EXERCISE MATERIAL Block Start

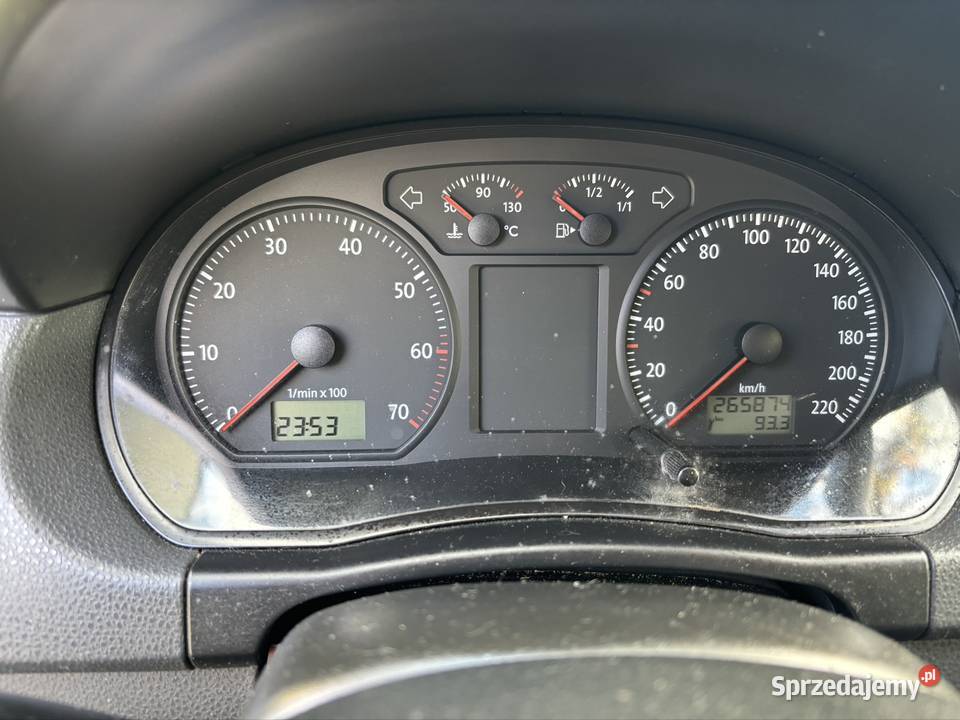Volkswagen Polo 9N 12 2006 LPG Białobrzegi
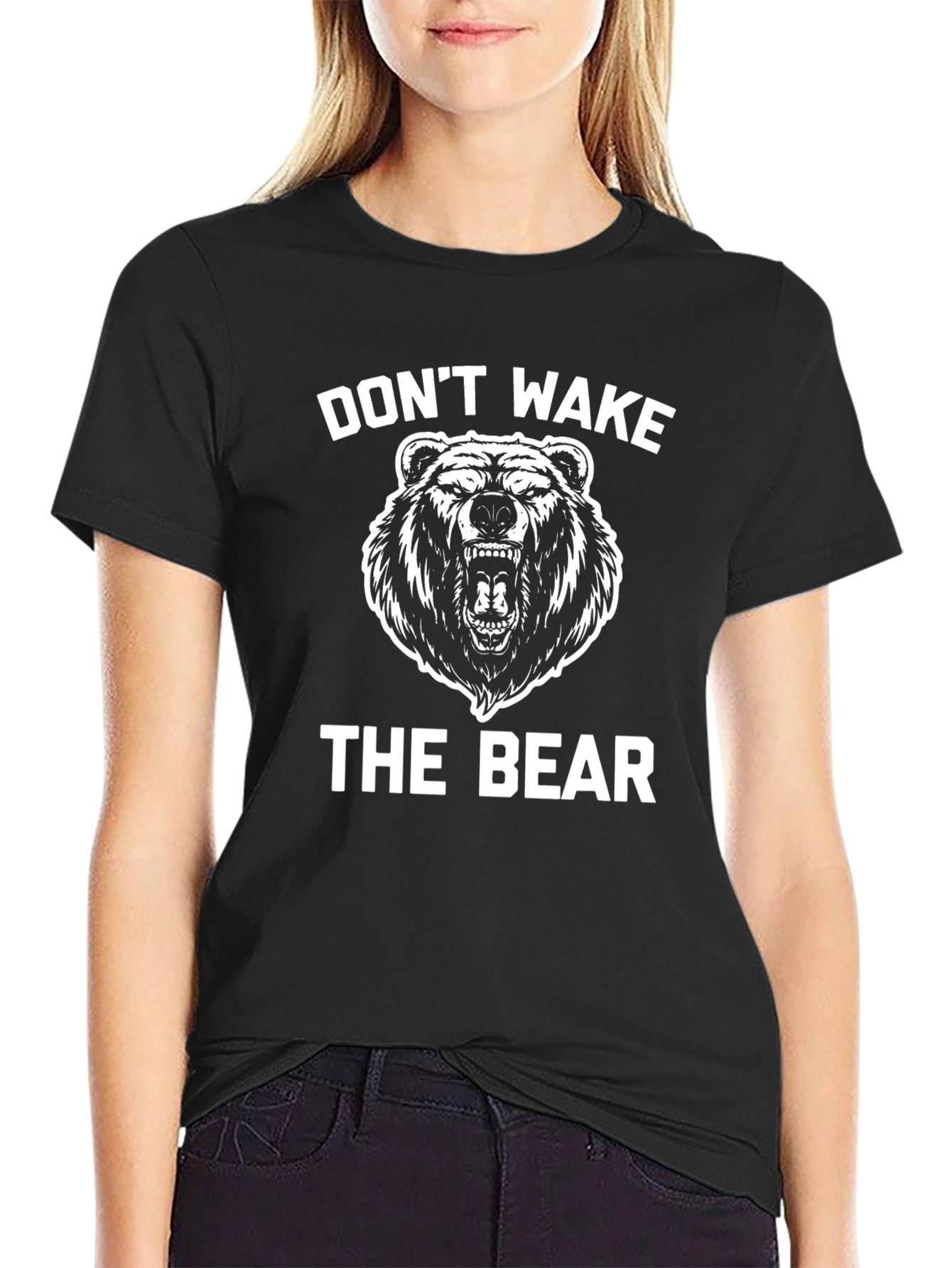 Dont Wake The Bear Graphic T-Shirt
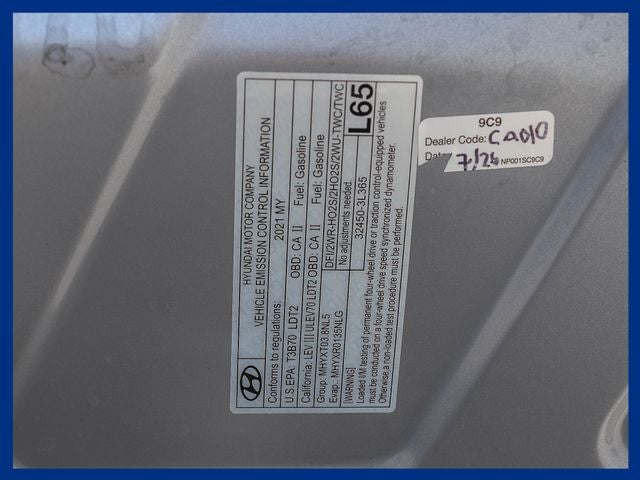 2021 Hyundai Palisade SEL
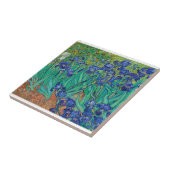 IrisVincent Van Gogh Tegeltje (Zijkant)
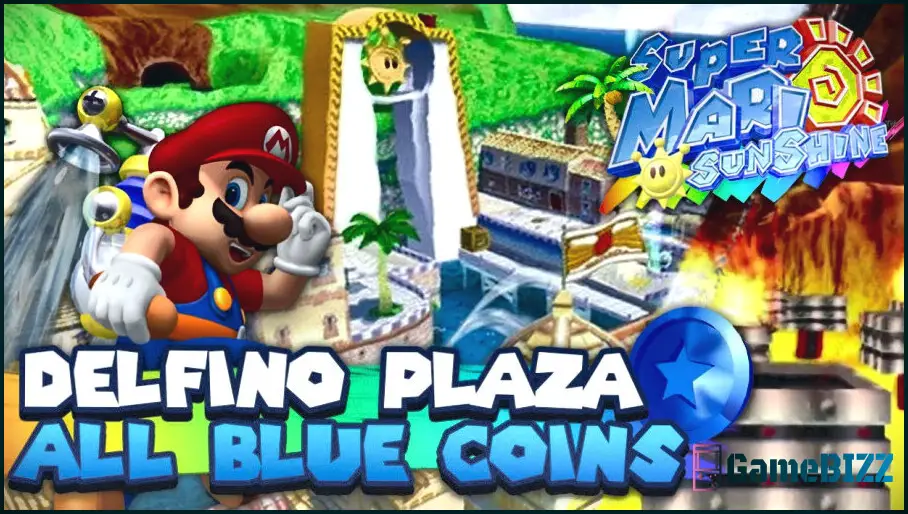 Super Mario Sunshine: Die 10 schwierigsten blauen Münzen im Spiel (und wie man sie bekommt)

EXERCISE MATERIAL Block End

WHAT THE TASK ASKS
Leave the pictures out, and retype exactly the lines from the one containing "IrisVincent Van Gogh Tegeltje (Zijkant)" through the last line of the entries above, both included.

RESULT
 IrisVincent Van Gogh Tegeltje (Zijkant)
 Super Mario Sunshine: Die 10 schwierigsten blauen Münzen im Spiel (und wie man sie bekommt)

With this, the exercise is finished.